(Beginning of Given information)

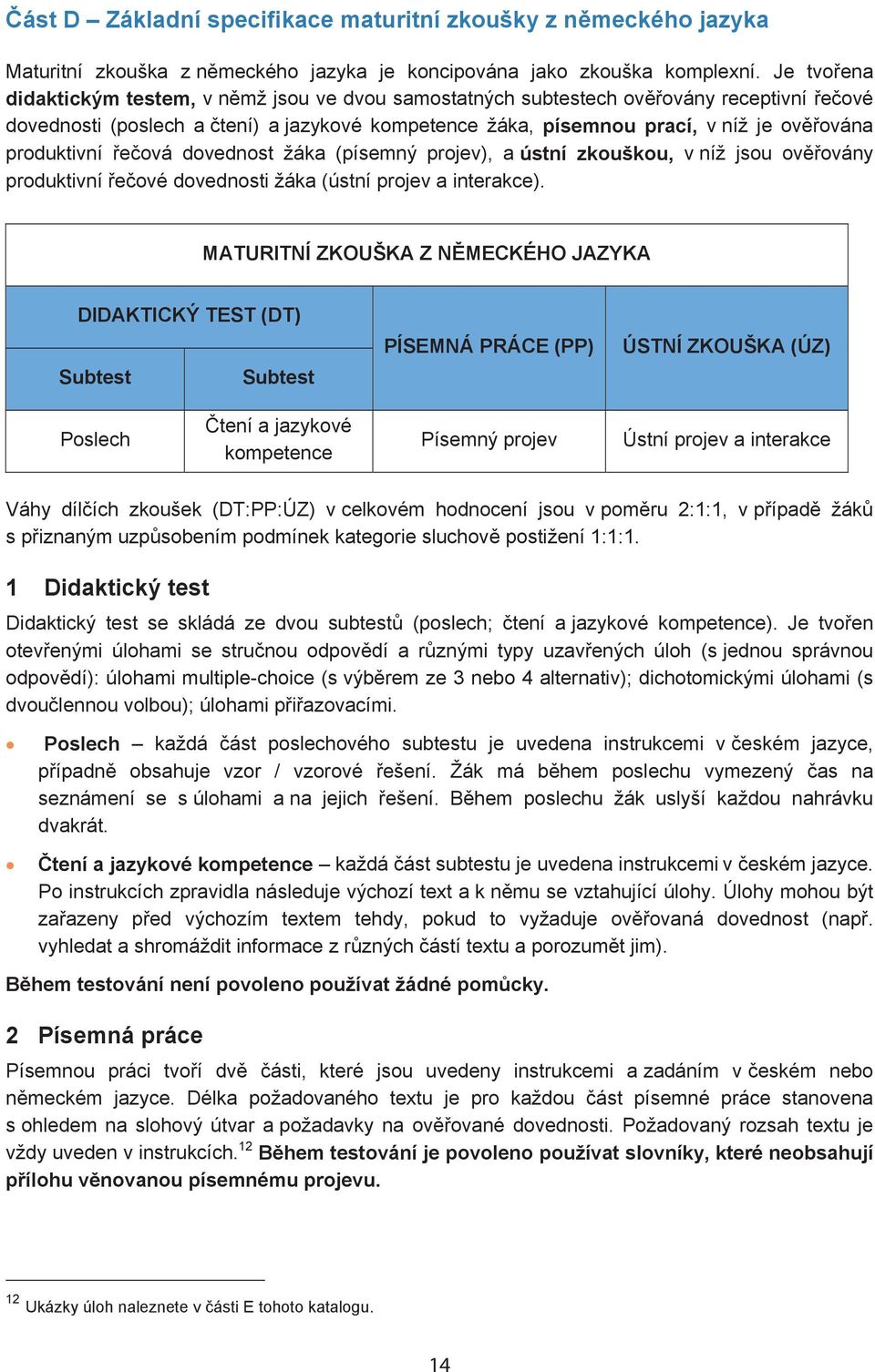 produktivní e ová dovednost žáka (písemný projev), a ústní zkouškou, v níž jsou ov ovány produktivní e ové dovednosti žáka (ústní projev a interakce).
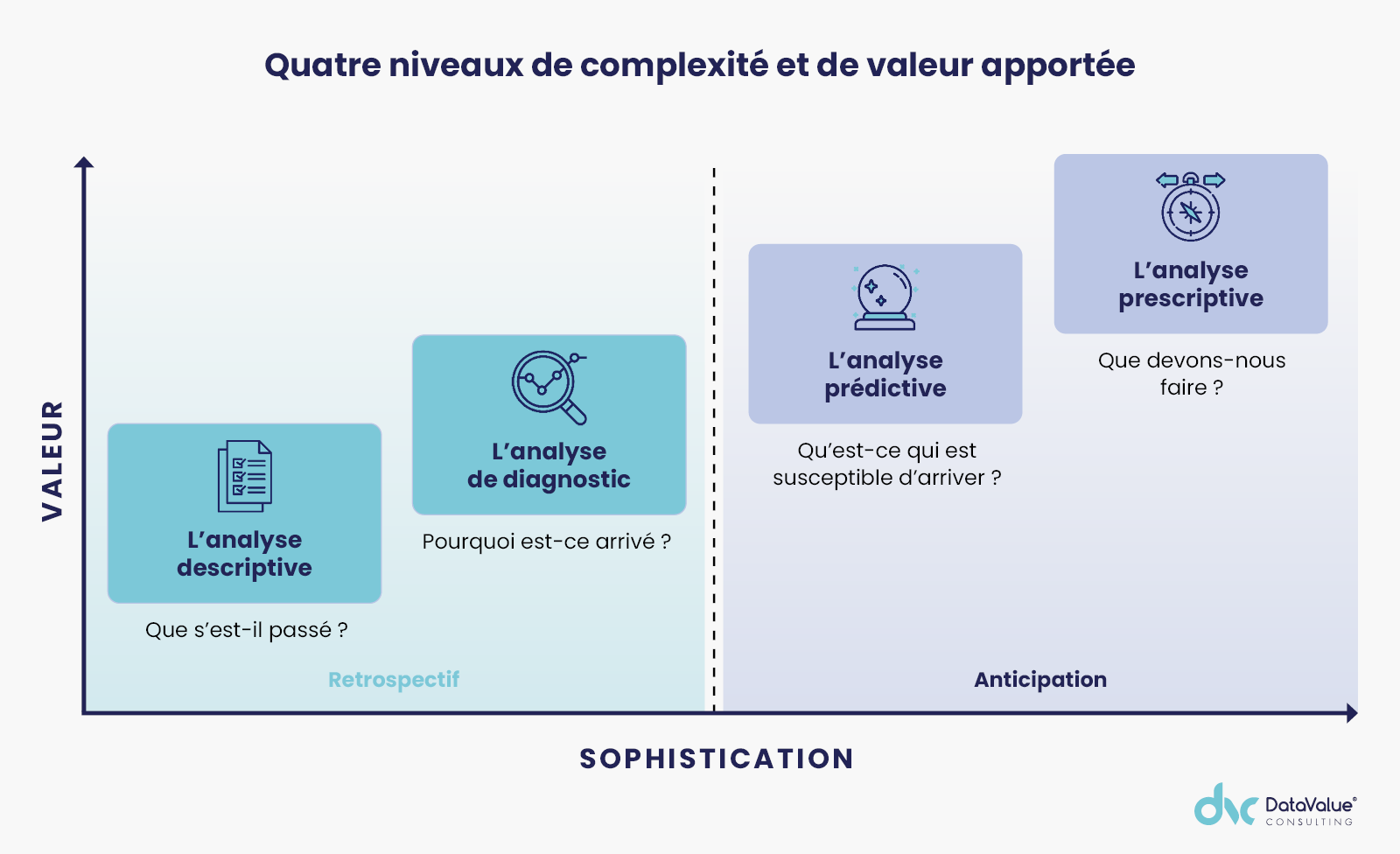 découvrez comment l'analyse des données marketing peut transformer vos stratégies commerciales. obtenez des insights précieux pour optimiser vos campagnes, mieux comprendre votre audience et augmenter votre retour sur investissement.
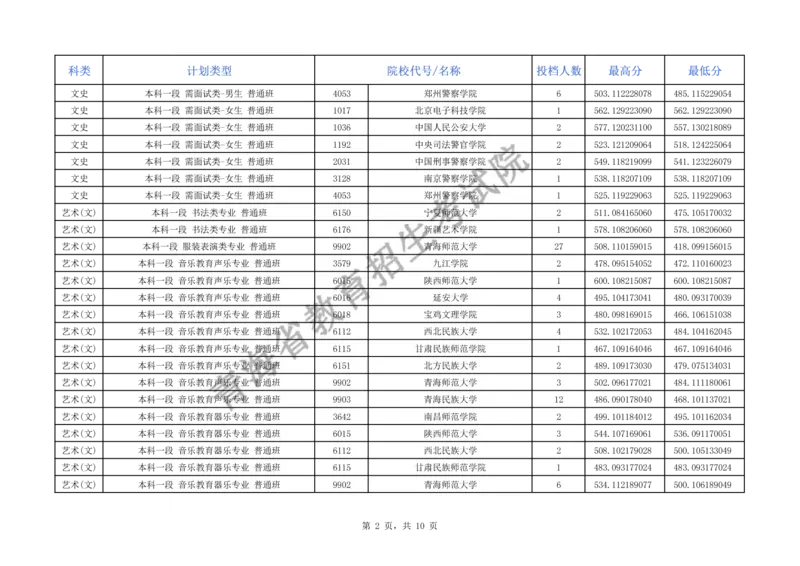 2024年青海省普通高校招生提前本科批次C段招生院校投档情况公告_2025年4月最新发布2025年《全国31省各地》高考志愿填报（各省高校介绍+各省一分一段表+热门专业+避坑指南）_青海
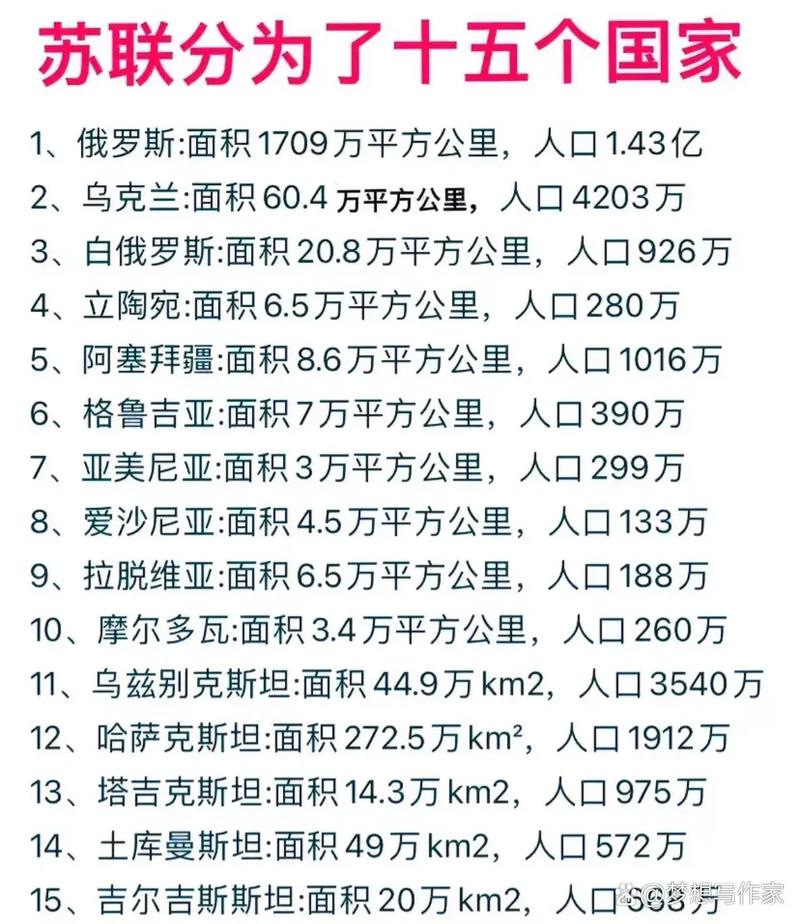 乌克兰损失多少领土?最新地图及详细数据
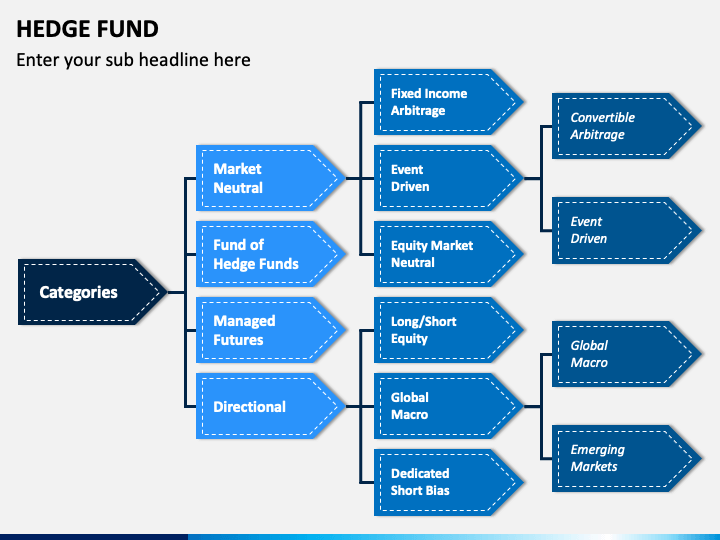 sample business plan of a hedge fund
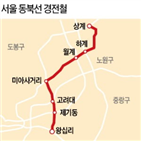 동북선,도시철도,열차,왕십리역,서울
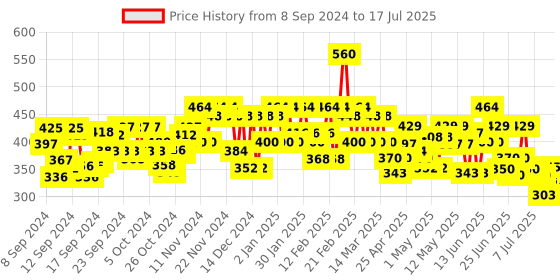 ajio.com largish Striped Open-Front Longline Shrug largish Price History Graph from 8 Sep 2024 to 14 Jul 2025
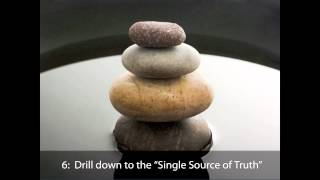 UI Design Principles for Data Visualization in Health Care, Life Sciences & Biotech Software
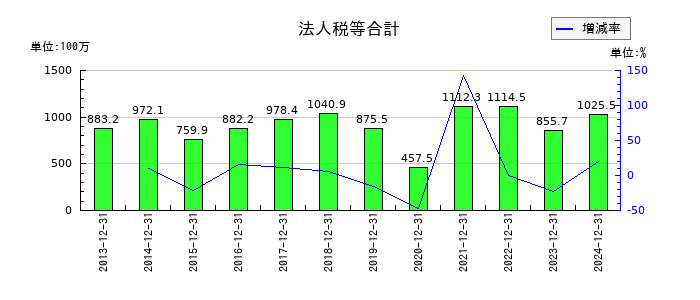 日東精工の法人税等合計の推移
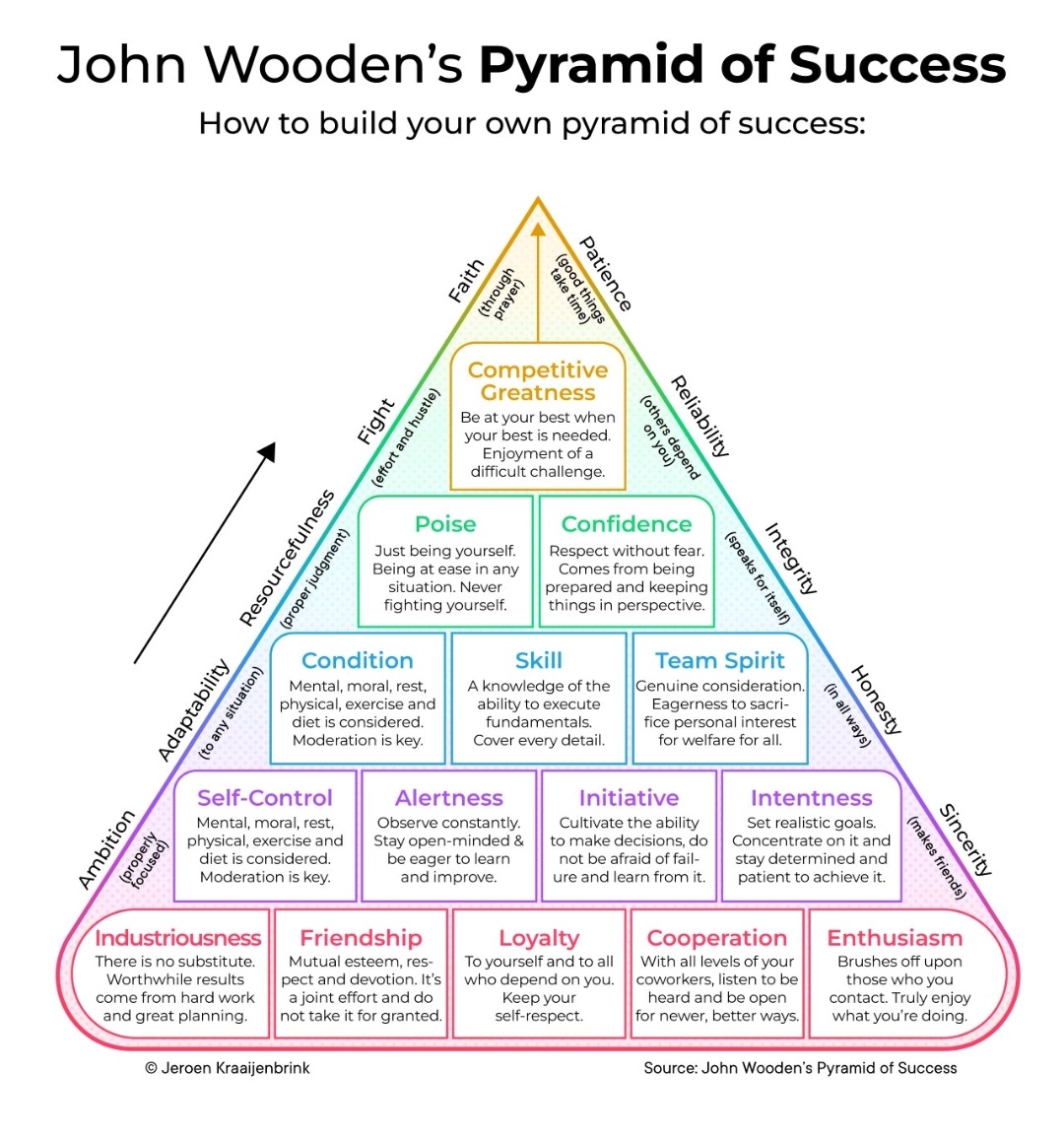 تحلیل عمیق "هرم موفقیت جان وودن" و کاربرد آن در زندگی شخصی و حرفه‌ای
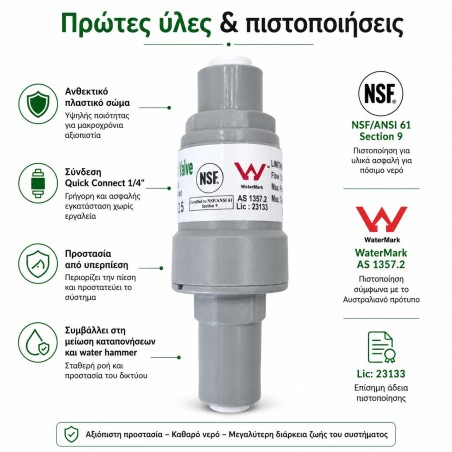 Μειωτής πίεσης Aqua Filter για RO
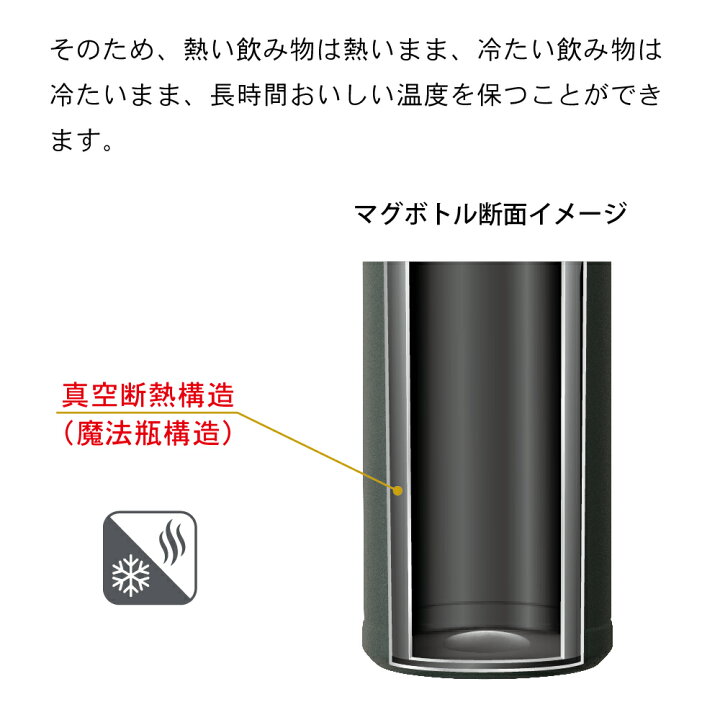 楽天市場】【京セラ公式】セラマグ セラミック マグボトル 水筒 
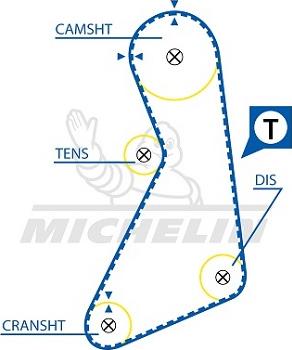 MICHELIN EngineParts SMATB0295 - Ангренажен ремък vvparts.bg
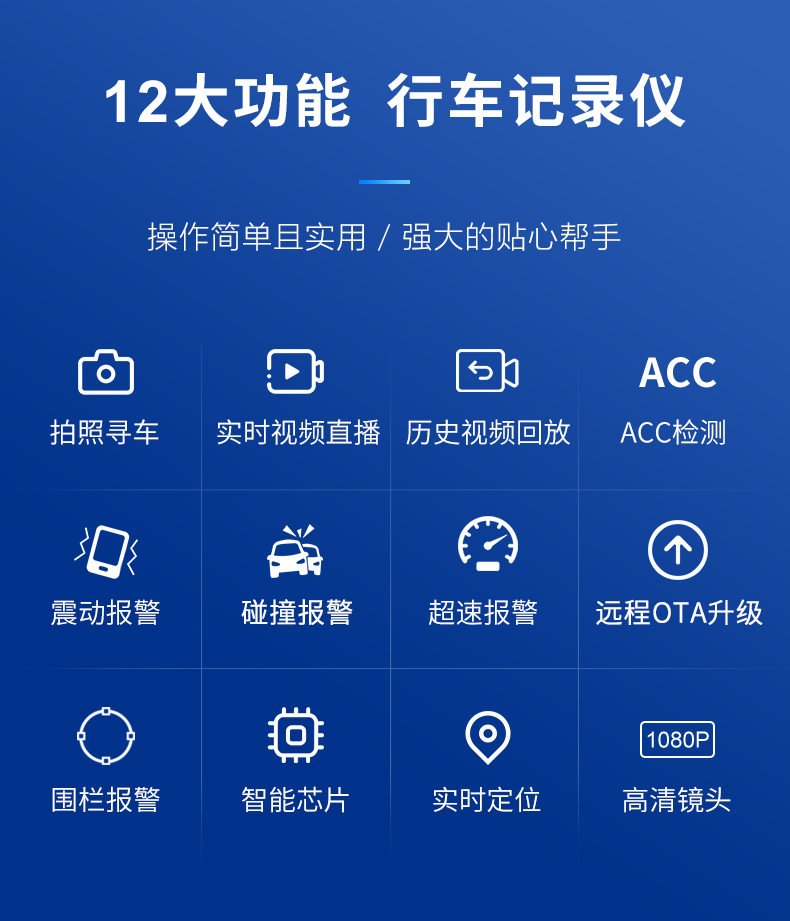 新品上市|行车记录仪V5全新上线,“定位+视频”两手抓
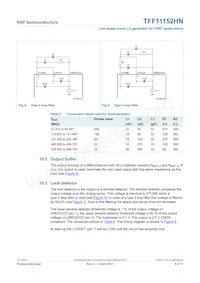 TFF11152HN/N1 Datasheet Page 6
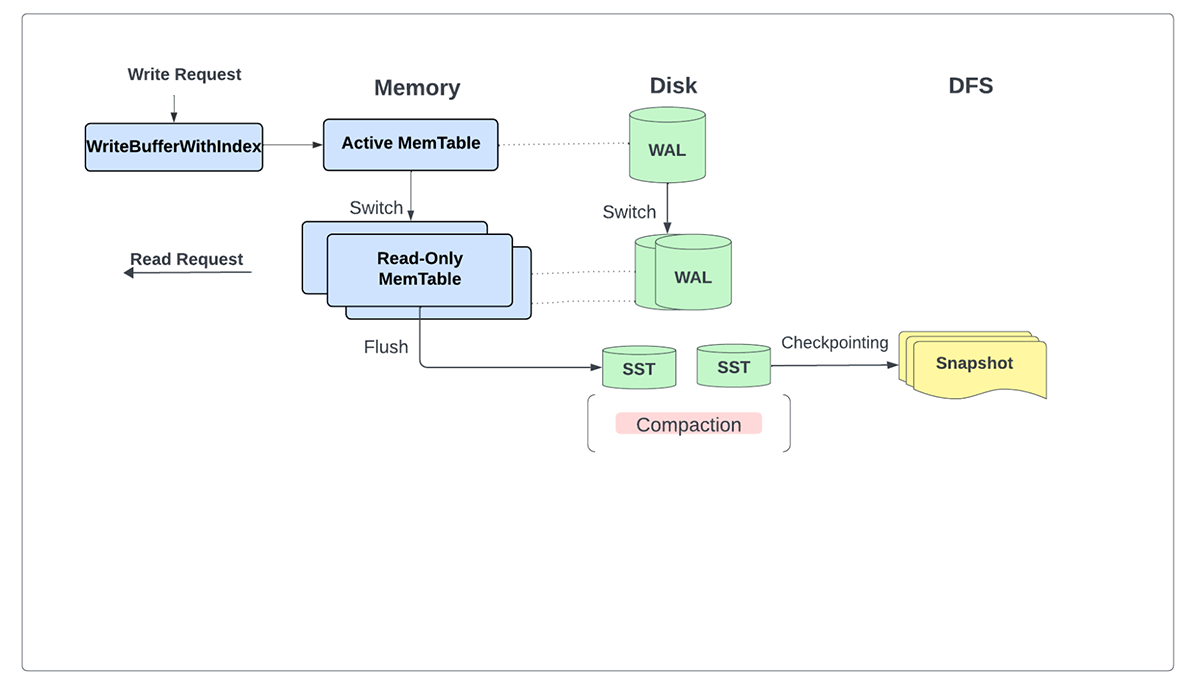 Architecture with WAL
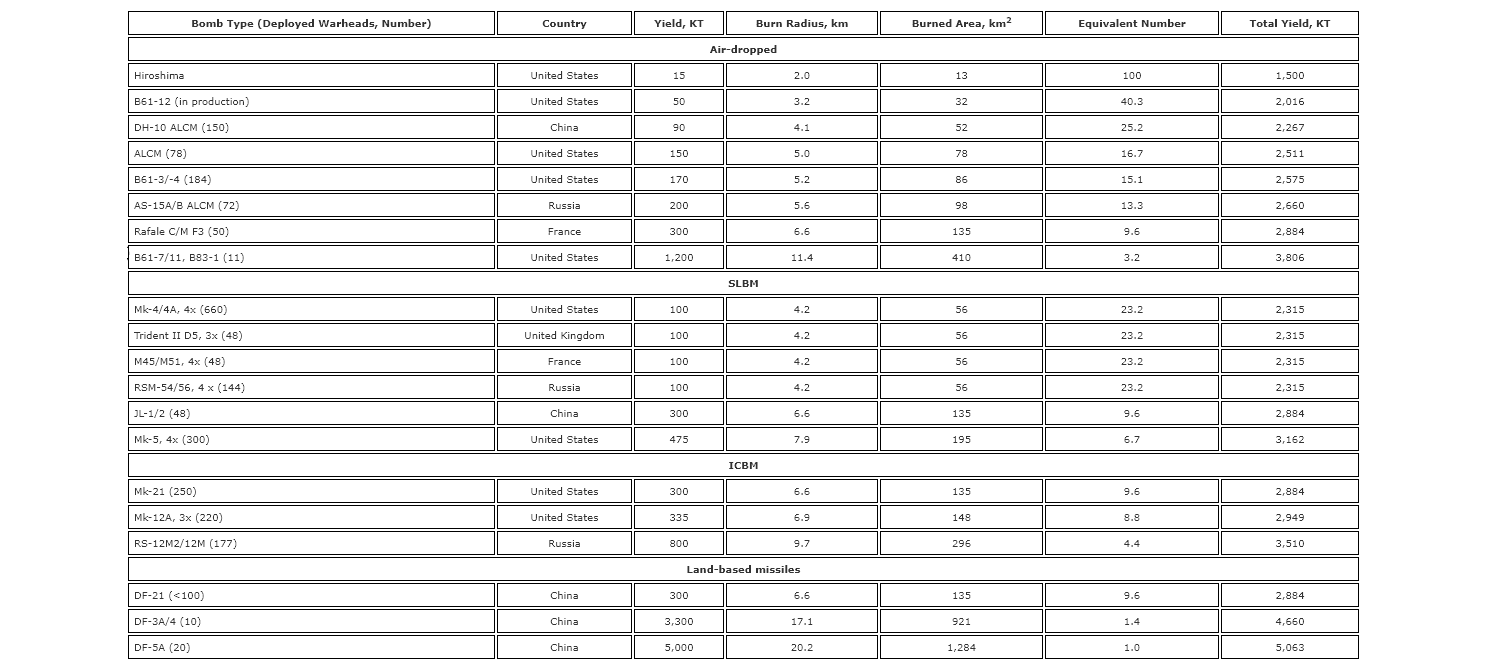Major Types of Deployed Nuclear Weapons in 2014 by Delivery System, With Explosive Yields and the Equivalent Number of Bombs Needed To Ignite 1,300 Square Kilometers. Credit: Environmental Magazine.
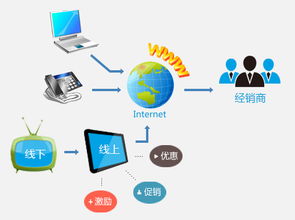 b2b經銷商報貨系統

(End of Given information)

-- Assignment --
Write out exactly the lines between the start of the data and the line with "동북선,도시철도,열차,왕십리역,서울", including both, but none of the pictures.

-- Solved exercise --
 produktivní e ová dovednost žáka (písemný projev), a ústní zkouškou, v níž jsou ov ovány produktivní e ové dovednosti žáka (ústní projev a interakce).
 découvrez comment l'analyse des données marketing peut transformer vos stratégies commerciales. obtenez des insights précieux pour optimiser vos campagnes, mieux comprendre votre audience et augmenter votre retour sur investissement.
 2024年青海省普通高校招生提前本科批次C段招生院校投档情况公告_2025年4月最新发布2025年《全国31省各地》高考志愿填报（各省高校介绍+各省一分一段表+热门专业+避坑指南）_青海
 乌克兰损失多少领土?最新地图及详细数据
 sample business plan of a hedge fund
 동북선,도시철도,열차,왕십리역,서울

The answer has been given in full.